Tips for Finding the Right Community
One of the best parts about becoming a business owner is the “freedom”. We take the leap of faith with dreams of flexible work schedules, executive decisions, self-dictated income and freedom from the shackles of reporting for duty at someone else’s beck and call. The only thing we think we’ll miss is the steady paycheck and the group health insurance.
But what many will find after a period of time is that the days are typically longer, pay is lower, less steady and freedom has its price. This is normal when you’re a start-up. What many of us don’t anticipate is how little we appreciated the interaction with peers – the sense of community that comes with being a member of something bigger with other people. Sole-ownership can lead to the sense of living on an island and as humans and specifically women, we are inherently social beings. Business ownership can be counter-intuitive to what makes us feel connected.
So where should you begin to find your tribe? As business owners, we’re chiefs of our own tribes, to find a group to belong to is the exact opposite of business ownership.

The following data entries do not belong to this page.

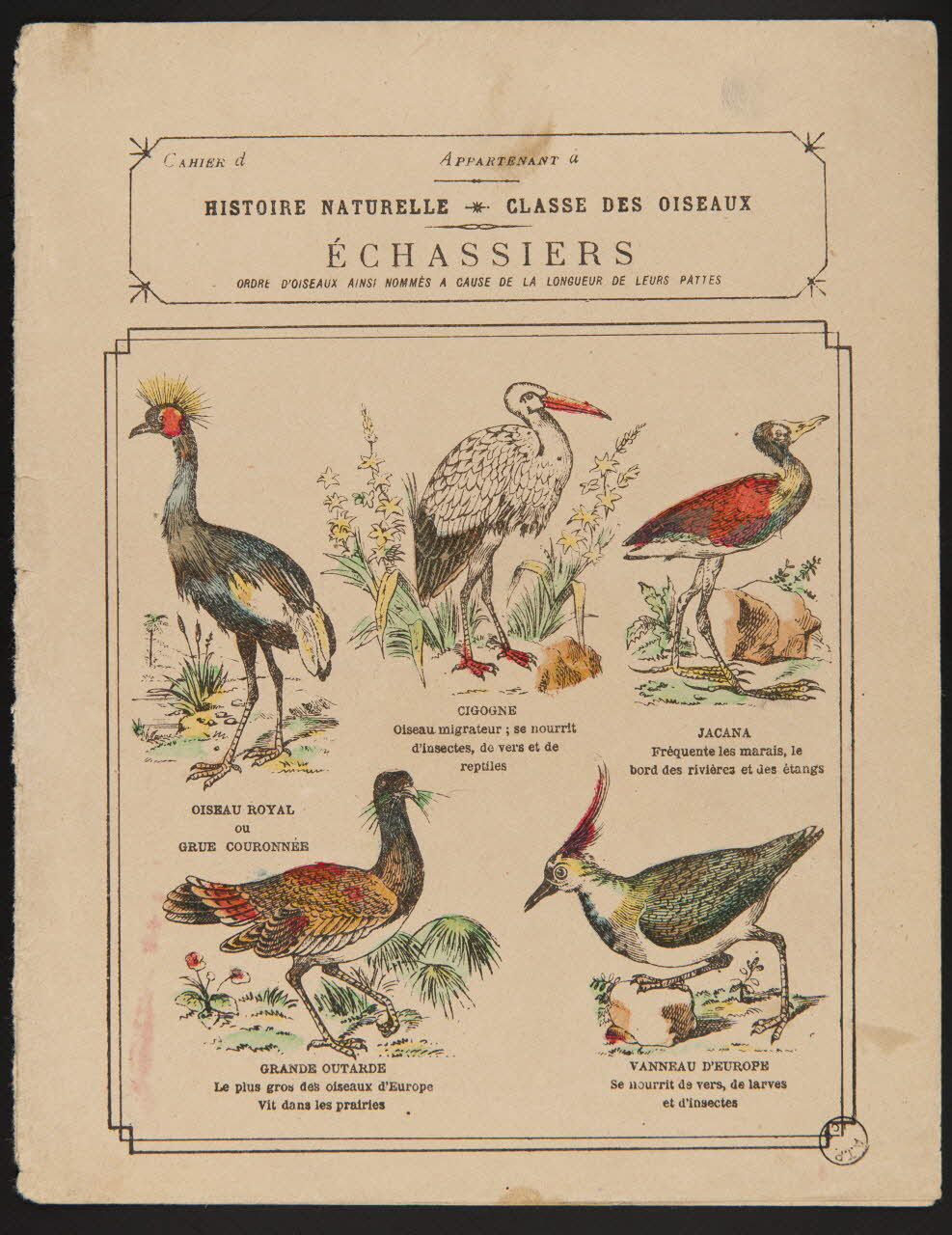 estampe HISTOIRE NATURELLE  CLASSE DES OISEAUX  ECHASSIERS 1971.9.79 Photo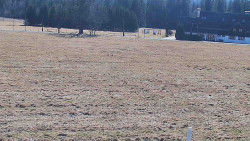 Rejvíz - Běžecké stopy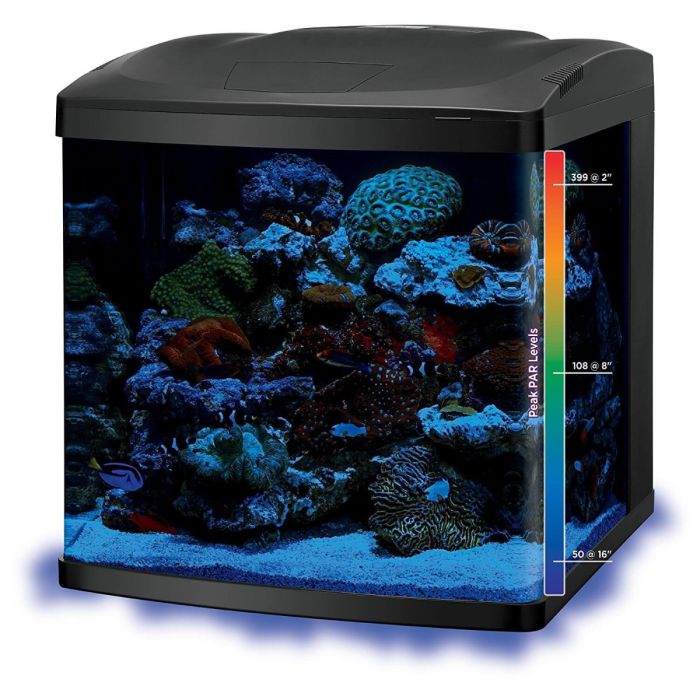 Coralife BioCube 32 Gallon Aquarium Starter Kit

But as members of a community, it’s critical that we play both leader in our own domains as well as team player in the big community sandbox. As a woman does it make more sense to join a local chamber of commerce or a women’s business organization? What about the multiple women’s networking or peer groups? The options for women are endless and every day there’s a new group of women, matrons, mavens, ladies, broads, you name it – they’re out there.
So how do you know where you belong? The good news is – everyone wants you. The bad news is, it’ll take a little test driving to figure out who’s the right fit for you. As the CEO of the largest membership based women’s business trade organization in Los Angeles, I like to believe that we meet the most needs and offer the best value proposition.
I suggest asking the following questions of you and of the potential tribe of choice:
- What stage am I in my business? This is where you determine the number of years in business, revenues/gross receipts, number of employees and where you hope to be.
- What am I looking for in a tribe? This is an important question to figure out as a business owner and a tribal member. The offerings can range from social engagement to business development, educational offerings to procurement opportunities, peer learning to political advocacy. The thing to do is create a list of what is most important to you and find the organization that puts a strong emphasis on those top priorities.
- What is my intended level of participation? Do you want to join a group to simply say you’re a member? Perhaps part of your long-terms strategy involves becoming a board member as a key action item towards growth. Maybe you’re only interested in marketing yourself to the community.
- What’s my measure of success? Be clear on what you intend to do for the investment of your membership dues. Ask yourself, at the end of the first year, what will have happened that will make it worth it for me to renew? How well were my needs and wants met? Would I recommend this organization to another business owner?